### Exercise brief
I'd like the listing below copied exactly, with the images left out.

### Supplied data
-.-.-
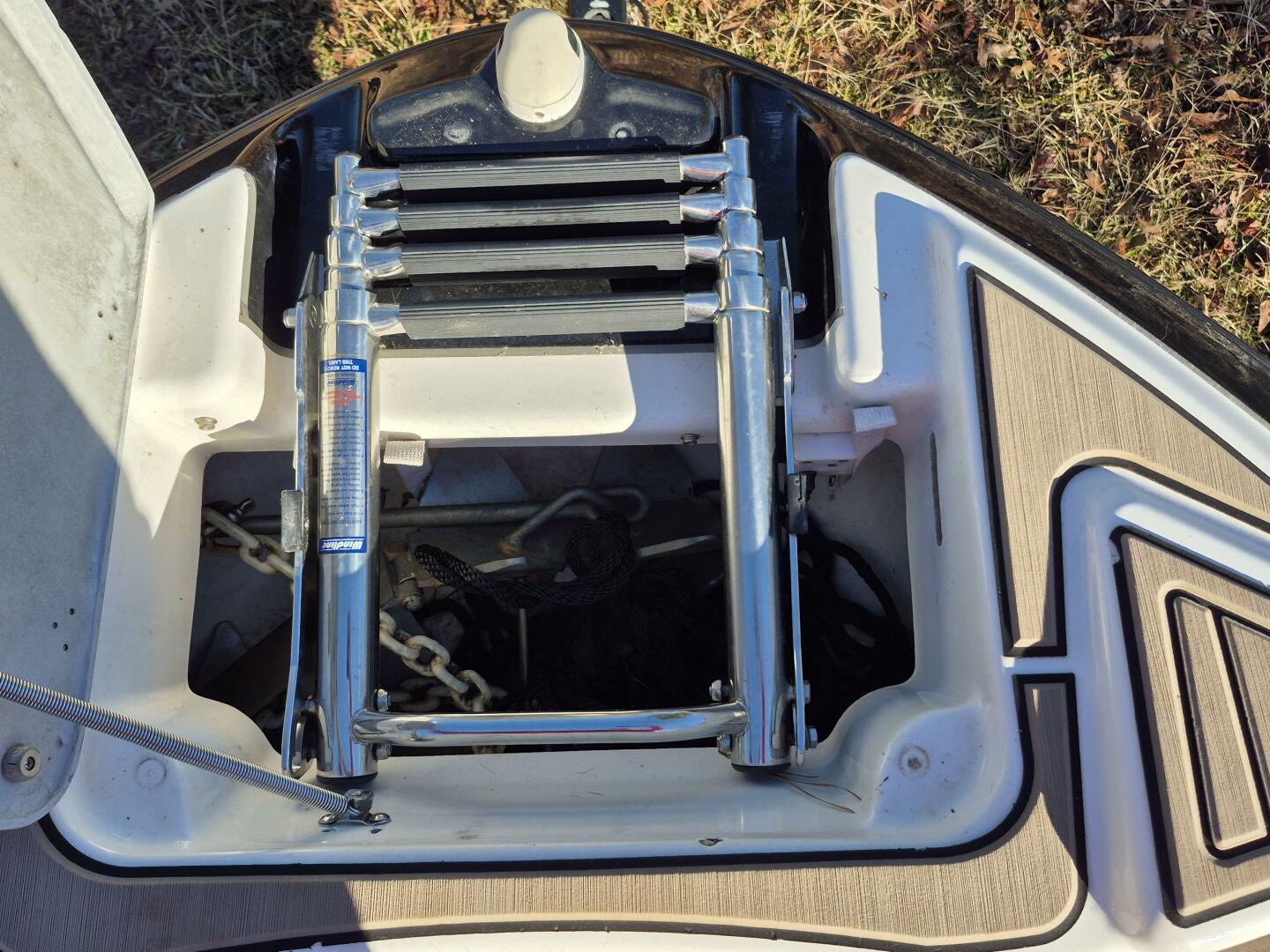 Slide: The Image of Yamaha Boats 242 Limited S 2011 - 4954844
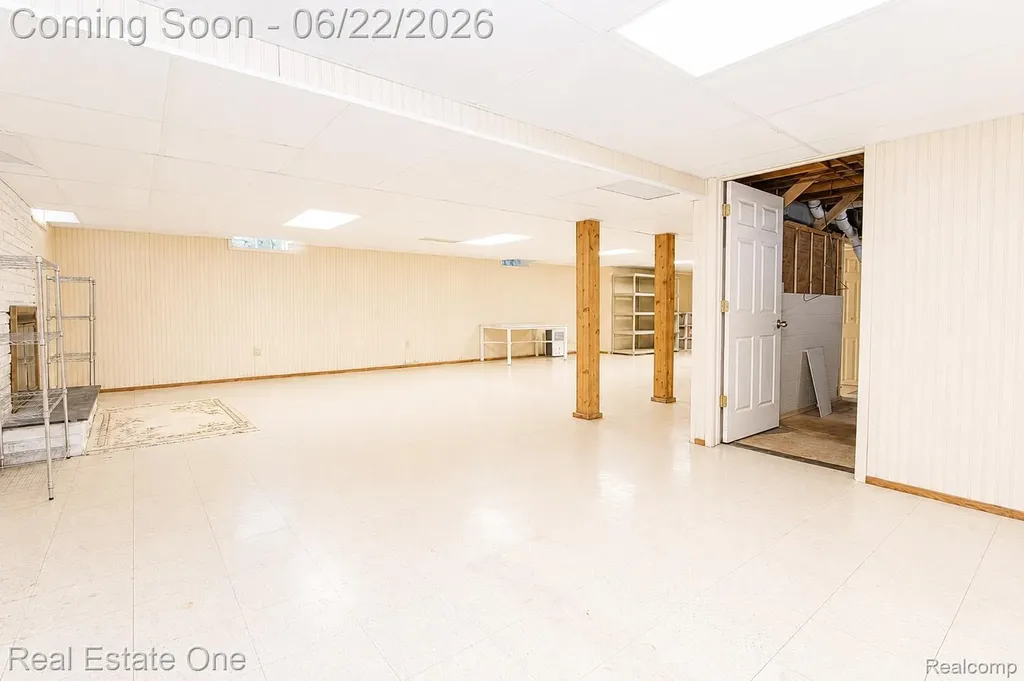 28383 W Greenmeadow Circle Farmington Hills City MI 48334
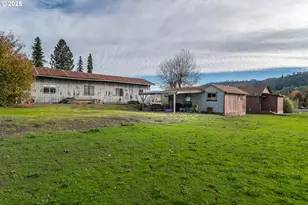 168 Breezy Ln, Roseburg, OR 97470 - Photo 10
-.-.-
### Exercise result
 Slide: The Image of Yamaha Boats 242 Limited S 2011 - 4954844
 28383 W Greenmeadow Circle Farmington Hills City MI 48334
 168 Breezy Ln, Roseburg, OR 97470 - Photo 10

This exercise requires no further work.